Стеклянные двери отворил. В полутемном зальчике сидело трое, четверо посетителей. Вяло, лениво ели. Благообразный старичок за столиком около невысокой дощатой сцены не ел — шуршал газетой. Игорь смело прошел за стойку бара. Вышла, качая бедрами, девица с кружевной наколкой на взбитых волосах. Запахло кухней. Щами!
Господи, щами…
Он только теперь понял, как был голоден все это время.
Слюну втянул. Заиграл глазами. О, он умел мгновенно обольщать дешевых девочек — с полувзгляда, с полувздоха.
— Милая, — сказал по-русски, и звук родного слова ожег губы горячим воском, — позови хозяина! Говорить желаю.
Официантша метнула искры из-под ресниц, живей задвигала ртутными бедрами. Ого, по моде Додо Шапель платьице-то, дерзкое, до колен юбчонка. А то и повыше!
Глядел на ее колени. Желание зажглось. Подавил. Следил, как уходит и ягодицы под юбкой колышутся-играют.

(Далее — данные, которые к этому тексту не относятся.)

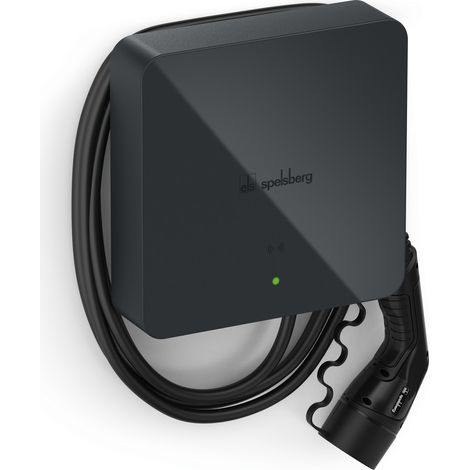 Spelsberg Wallbox, Graphite, Schutzart IP54, max. Leiterquerschnitt 6², Schlagfestigkeit IK08, Schutzklasse II, Bemessungsspannung 400V AC, halogenfrei, 59153501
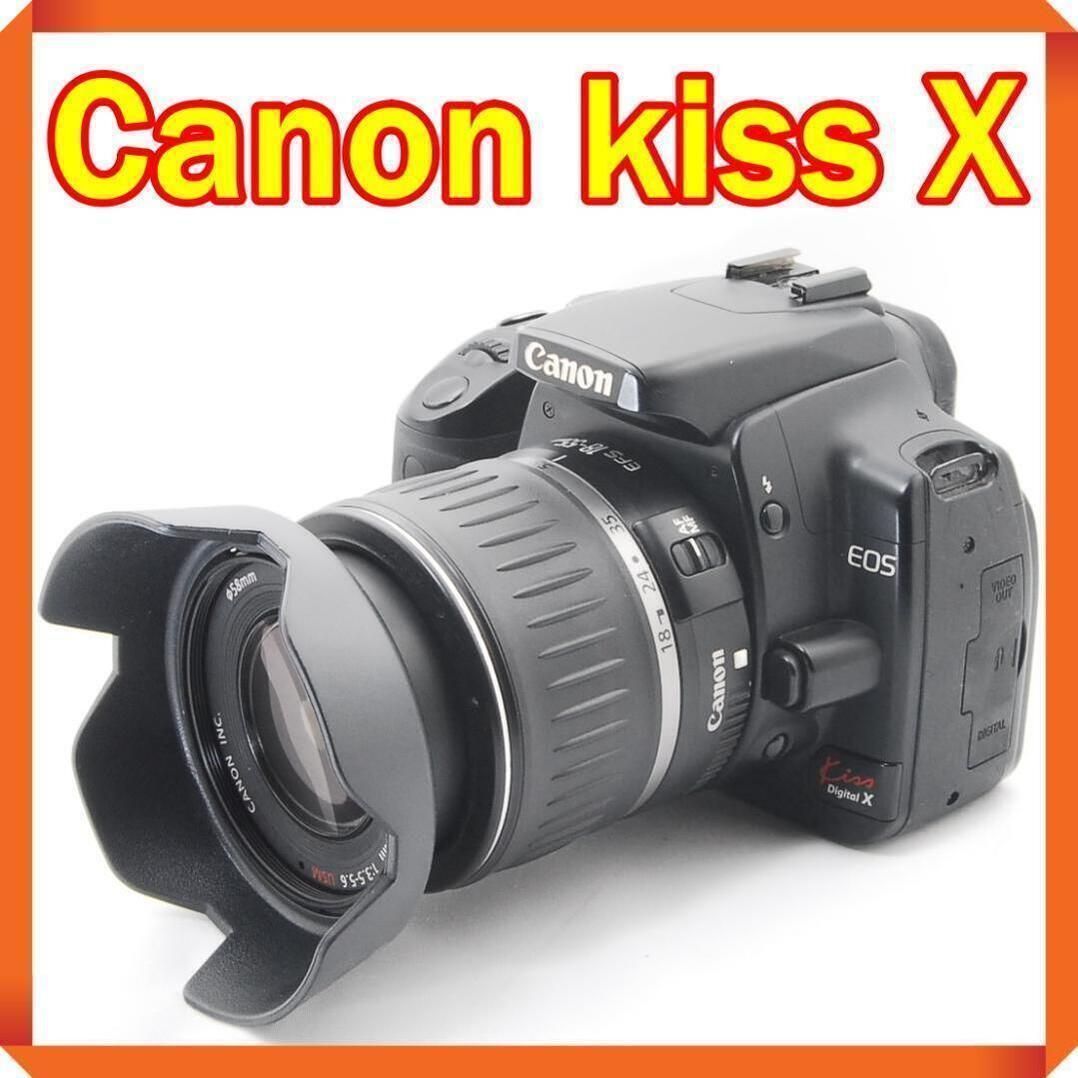 Canon EOS kiss X 一眼レフ カメラ スマホ転送 キヤノン 197ｋ600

Из недр ресторана вывалился невероятный мужик: голова черная, маленькая, кучерявая, сам раздается вниз и вширь — живая пирамида. Руки волосатые, в смуглой ракушке уха — золотая серьга, блестит попугайским кривым клювом. Из-под белой расстегнутой на груди рубахи — тоже буйная поросль черных завитков наружу так и лезет; жилетка расстегнута, брюхо в нее не вмещается.
— Месье?
— Господин Конев, — радостно представился. Сунулся к чернявому, будто похристосоваться в Пасху. Опомнился, отшагнул вежливо. Сиял зубами. — Господин?..
«Цыган, черт, да цыган настоящий! Проклятье, цыган, как из “Яра”! Из “Стрельны”!»

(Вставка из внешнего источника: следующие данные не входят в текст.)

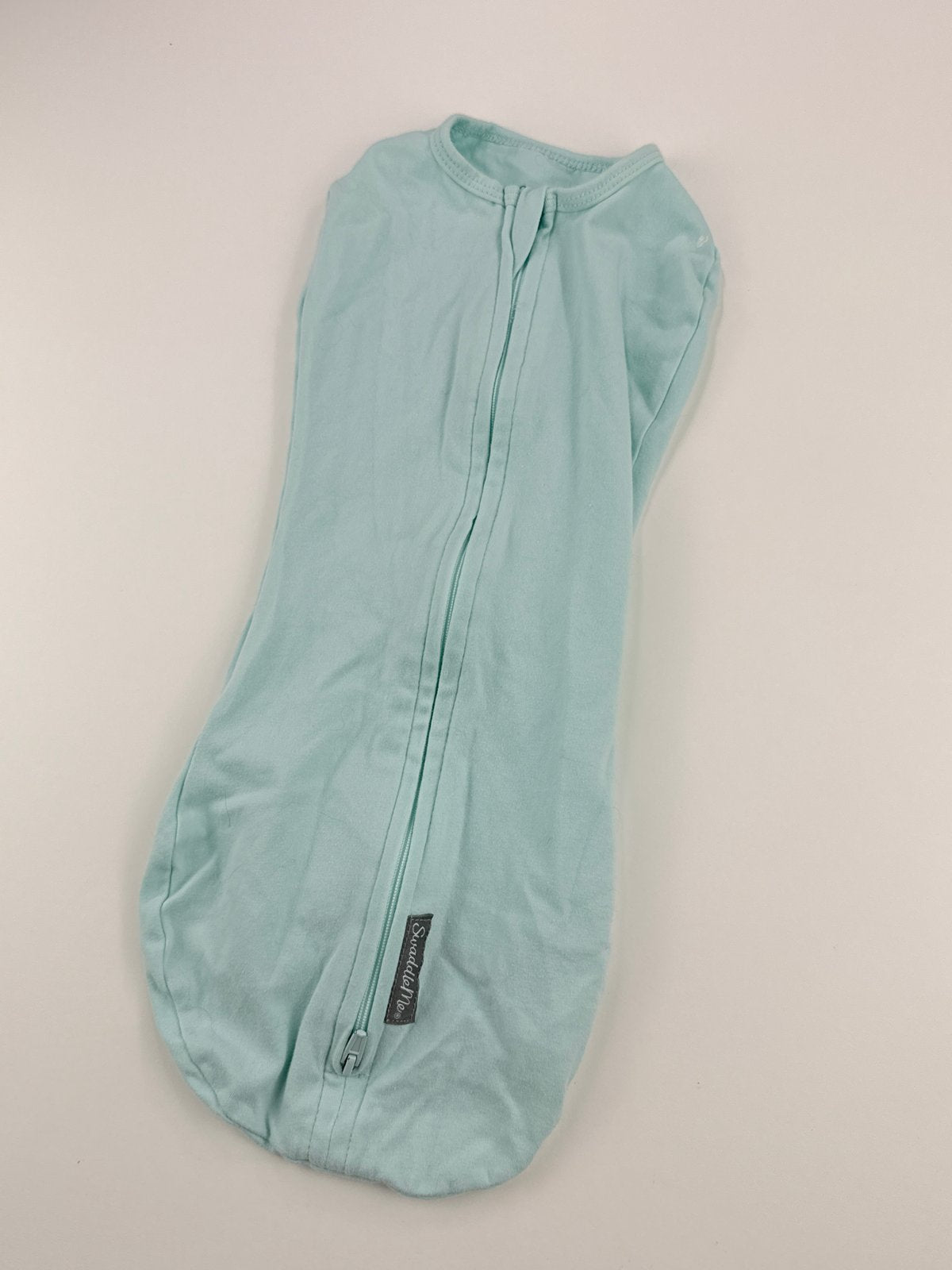 SwaddleMe Mint Zip Sleep Sack Sack NB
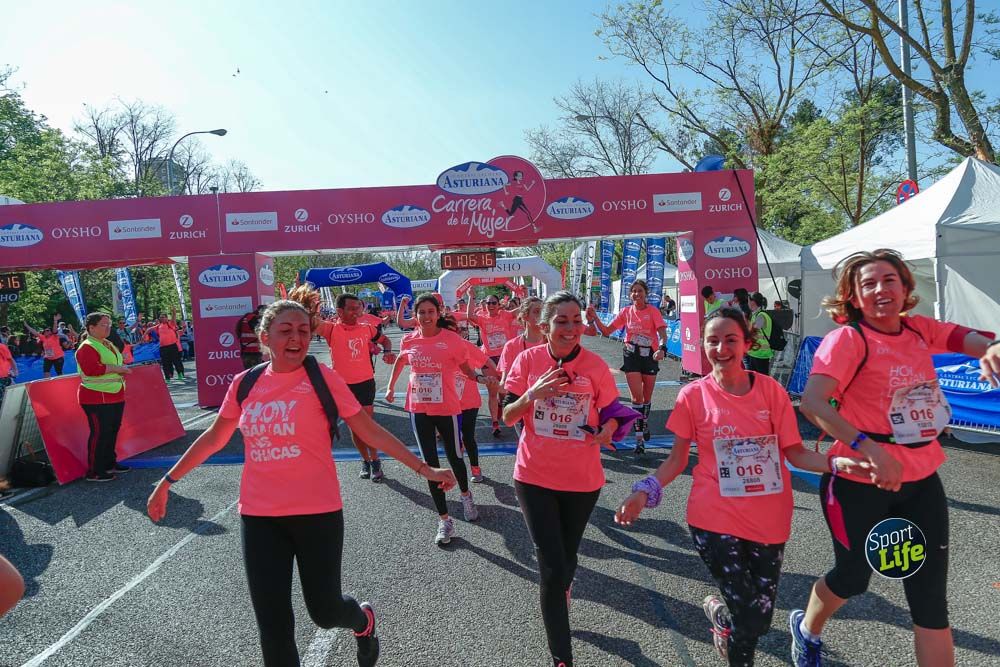 Carrera de la Mujer de Madrid 2018-17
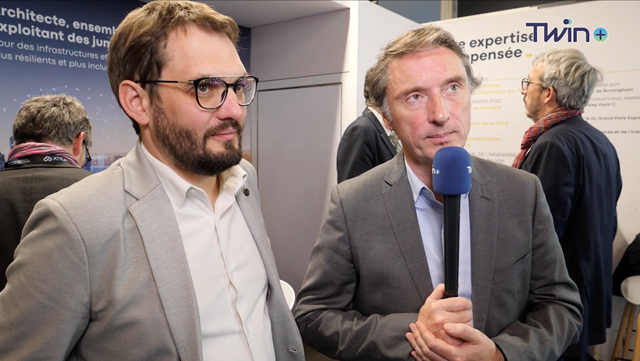 Interview de Fabrice Klein et Vincent Lalire - EGIS, GPMB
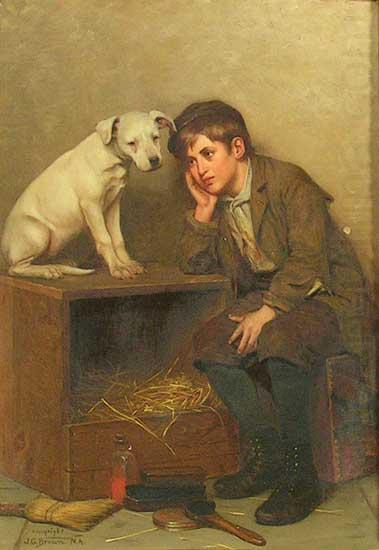 Sympathy, John George Brown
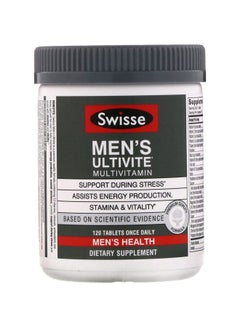 Swisse Men's Ultivite Multivitamin - 120 Tablets 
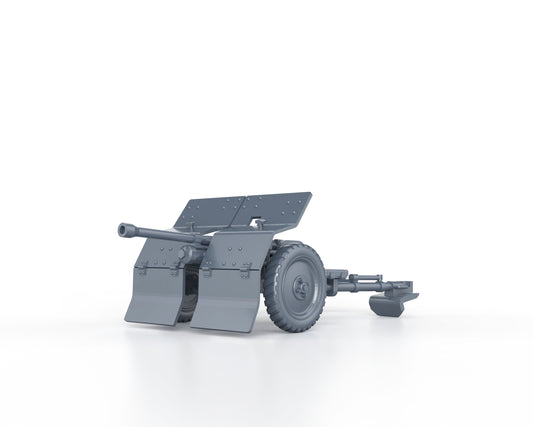 BOFORS 37MM GUN FIRING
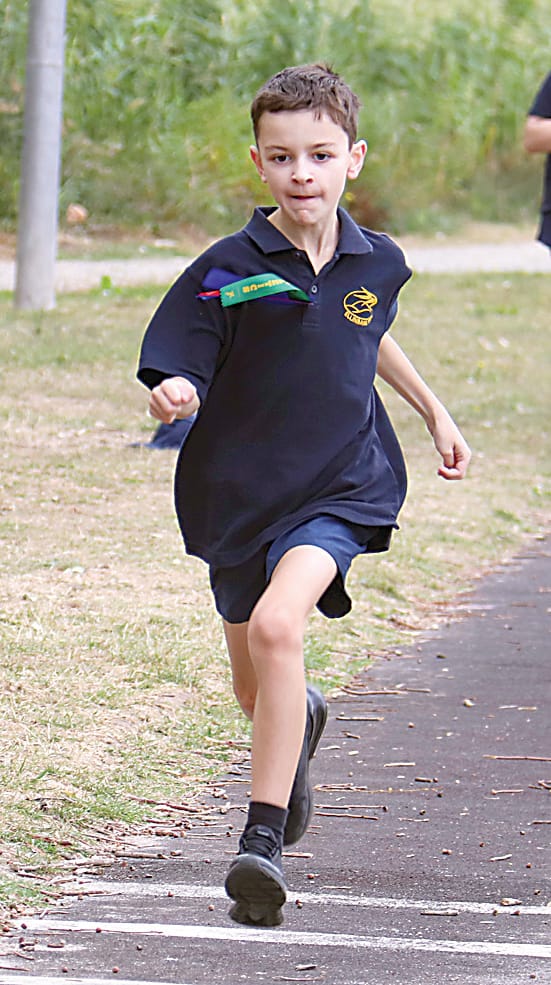 Looking to launch is Ellinbank's Zayne Oldham.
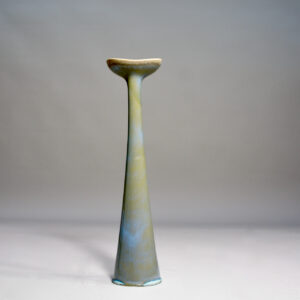 Stig Lindberg for Gustavsberg, Sweden. 1940-50's unique vase in stoneware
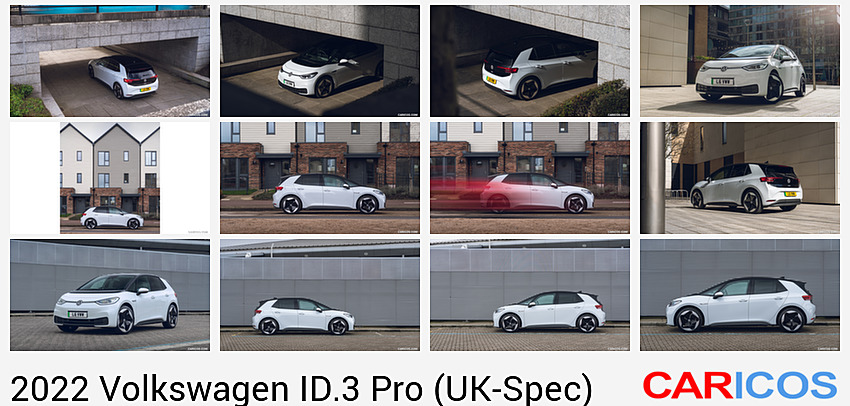 2022 Volkswagen ID.3 Tour Pro S (UK-Spec) | Rear Three-Quarter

— Дуфуня Белашевич! — Рука в черных волосьях крепко руку Игоря стиснула. И — не удержались оба, обнялись. И слезы заблестели. — Дуфуня Волжанинов я, какой там, к чертям, месье! Устал я от месьешек этих! Русский, ах, Господи, русский… Да проходите же, да садитесь! Тамара! — Пальцами щелкнул. Серьга сверкнула. — Водочки нам! Холодненькой! И — щи тащи! И буженинку, и ветчинку, да огурчиков порежь, порежь!
Обернулся к Игорю. Плакал, уж не стыдясь.
— Из Нижнего мы, милочек. Из Нижнего Новгорода! С Волги. А вы-то откуда будете? Парижанин уж? Ну да, ах, ах…
Крутобедрая Тамара с кружевами на затылке мигом приволокла на подносе и водочку, и огурчики, и тарелки с дымящимися, золотыми щами.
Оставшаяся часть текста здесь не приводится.